Stored items from a collection
===

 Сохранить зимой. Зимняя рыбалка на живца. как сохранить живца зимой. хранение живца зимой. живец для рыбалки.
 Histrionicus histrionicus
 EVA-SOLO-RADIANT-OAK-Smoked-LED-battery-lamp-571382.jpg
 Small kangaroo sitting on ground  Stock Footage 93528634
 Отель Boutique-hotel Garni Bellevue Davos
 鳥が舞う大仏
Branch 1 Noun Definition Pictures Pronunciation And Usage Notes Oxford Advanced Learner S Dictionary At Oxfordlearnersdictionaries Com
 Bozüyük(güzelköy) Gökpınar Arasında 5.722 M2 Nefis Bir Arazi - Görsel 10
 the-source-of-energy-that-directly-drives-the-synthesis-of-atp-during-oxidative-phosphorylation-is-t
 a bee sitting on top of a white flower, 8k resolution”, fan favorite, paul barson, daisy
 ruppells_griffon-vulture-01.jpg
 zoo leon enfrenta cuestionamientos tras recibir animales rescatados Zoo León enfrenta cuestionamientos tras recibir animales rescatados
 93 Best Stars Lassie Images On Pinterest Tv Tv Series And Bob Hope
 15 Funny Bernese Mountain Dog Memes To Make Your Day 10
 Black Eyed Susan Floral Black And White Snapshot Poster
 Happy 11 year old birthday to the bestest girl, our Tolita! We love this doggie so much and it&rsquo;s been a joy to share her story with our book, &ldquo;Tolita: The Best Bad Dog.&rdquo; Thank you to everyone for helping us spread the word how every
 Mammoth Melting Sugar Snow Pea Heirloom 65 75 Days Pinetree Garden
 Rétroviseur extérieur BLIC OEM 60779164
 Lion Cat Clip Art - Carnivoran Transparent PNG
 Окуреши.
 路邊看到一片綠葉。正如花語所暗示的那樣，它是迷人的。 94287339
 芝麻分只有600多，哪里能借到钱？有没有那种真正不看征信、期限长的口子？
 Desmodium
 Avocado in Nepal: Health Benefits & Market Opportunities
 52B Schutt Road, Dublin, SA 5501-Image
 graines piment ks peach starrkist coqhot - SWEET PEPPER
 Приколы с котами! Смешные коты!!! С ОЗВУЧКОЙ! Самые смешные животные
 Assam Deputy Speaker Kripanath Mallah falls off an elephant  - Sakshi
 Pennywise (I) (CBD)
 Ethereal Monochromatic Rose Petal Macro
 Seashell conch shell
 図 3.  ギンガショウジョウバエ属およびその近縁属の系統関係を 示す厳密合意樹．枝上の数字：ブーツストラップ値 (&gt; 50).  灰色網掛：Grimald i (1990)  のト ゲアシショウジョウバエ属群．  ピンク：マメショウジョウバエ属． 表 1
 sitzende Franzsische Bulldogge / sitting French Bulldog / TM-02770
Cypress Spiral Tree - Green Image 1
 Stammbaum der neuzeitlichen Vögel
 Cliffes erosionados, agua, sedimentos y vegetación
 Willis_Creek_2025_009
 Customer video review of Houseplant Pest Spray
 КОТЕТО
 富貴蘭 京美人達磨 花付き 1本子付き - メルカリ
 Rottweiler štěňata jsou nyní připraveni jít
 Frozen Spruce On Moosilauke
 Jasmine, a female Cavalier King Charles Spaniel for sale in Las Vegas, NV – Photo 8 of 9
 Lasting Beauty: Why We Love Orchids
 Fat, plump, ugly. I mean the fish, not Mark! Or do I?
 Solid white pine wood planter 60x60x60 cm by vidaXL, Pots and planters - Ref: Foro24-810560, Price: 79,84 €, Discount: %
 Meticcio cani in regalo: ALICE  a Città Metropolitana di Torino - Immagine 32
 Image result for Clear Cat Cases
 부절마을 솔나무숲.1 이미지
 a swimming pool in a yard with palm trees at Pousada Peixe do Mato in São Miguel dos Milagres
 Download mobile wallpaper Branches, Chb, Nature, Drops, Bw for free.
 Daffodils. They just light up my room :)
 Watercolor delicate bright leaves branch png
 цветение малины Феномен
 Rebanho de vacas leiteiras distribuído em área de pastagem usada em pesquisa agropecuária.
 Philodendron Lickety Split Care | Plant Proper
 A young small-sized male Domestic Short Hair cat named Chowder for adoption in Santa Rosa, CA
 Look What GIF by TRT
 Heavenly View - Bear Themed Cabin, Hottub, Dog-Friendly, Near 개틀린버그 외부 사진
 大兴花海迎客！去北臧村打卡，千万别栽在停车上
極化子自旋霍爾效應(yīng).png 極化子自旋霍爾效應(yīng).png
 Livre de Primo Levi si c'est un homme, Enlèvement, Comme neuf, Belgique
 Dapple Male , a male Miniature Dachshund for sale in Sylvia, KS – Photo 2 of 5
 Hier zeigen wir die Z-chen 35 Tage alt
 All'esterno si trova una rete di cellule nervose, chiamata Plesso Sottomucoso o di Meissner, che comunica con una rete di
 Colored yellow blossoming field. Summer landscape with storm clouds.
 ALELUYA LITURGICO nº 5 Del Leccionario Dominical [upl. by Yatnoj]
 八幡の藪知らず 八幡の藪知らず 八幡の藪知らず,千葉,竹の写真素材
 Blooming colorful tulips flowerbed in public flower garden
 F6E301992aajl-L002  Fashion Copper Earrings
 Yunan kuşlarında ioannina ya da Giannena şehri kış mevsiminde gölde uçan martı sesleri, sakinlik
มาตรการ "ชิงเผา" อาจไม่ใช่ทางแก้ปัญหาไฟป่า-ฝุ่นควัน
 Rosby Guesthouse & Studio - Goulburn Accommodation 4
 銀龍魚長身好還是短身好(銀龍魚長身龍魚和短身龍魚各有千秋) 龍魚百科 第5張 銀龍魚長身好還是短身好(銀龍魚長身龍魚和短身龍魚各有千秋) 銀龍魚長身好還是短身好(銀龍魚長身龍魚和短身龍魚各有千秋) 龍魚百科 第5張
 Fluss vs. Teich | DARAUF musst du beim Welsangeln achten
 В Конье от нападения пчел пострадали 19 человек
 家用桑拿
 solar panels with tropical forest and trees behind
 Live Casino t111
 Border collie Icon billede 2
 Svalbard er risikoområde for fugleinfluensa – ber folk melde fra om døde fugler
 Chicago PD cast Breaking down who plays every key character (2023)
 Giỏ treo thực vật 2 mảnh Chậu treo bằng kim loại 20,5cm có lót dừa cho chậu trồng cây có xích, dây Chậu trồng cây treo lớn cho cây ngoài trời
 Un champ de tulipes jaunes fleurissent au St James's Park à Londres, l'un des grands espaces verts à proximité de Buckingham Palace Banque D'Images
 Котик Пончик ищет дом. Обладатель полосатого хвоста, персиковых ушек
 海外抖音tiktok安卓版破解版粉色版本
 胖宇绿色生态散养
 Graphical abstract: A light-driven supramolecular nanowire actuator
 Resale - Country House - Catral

===

→ **EXERCISE AIM**
Your answer should consist of the lines from the line with "Daffodils. They just light up my room :)" to the line with "Colored yellow blossoming" above, repeated exactly, both ends included.

→ **EXPECTED ANSWER**
 Daffodils. They just light up my room :)
 Watercolor delicate bright leaves branch png
 цветение малины Феномен
 Rebanho de vacas leiteiras distribuído em área de pastagem usada em pesquisa agropecuária.
 Philodendron Lickety Split Care | Plant Proper
 A young small-sized male Domestic Short Hair cat named Chowder for adoption in Santa Rosa, CA
 Look What GIF by TRT
 Heavenly View - Bear Themed Cabin, Hottub, Dog-Friendly, Near 개틀린버그 외부 사진
 大兴花海迎客！去北臧村打卡，千万别栽在停车上
極化子自旋霍爾效應(yīng).png 極化子自旋霍爾效應(yīng).png
 Livre de Primo Levi si c'est un homme, Enlèvement, Comme neuf, Belgique
 Dapple Male , a male Miniature Dachshund for sale in Sylvia, KS – Photo 2 of 5
 Hier zeigen wir die Z-chen 35 Tage alt
 All'esterno si trova una rete di cellule nervose, chiamata Plesso Sottomucoso o di Meissner, che comunica con una rete di
 Colored yellow blossoming field. Summer landscape with storm clouds.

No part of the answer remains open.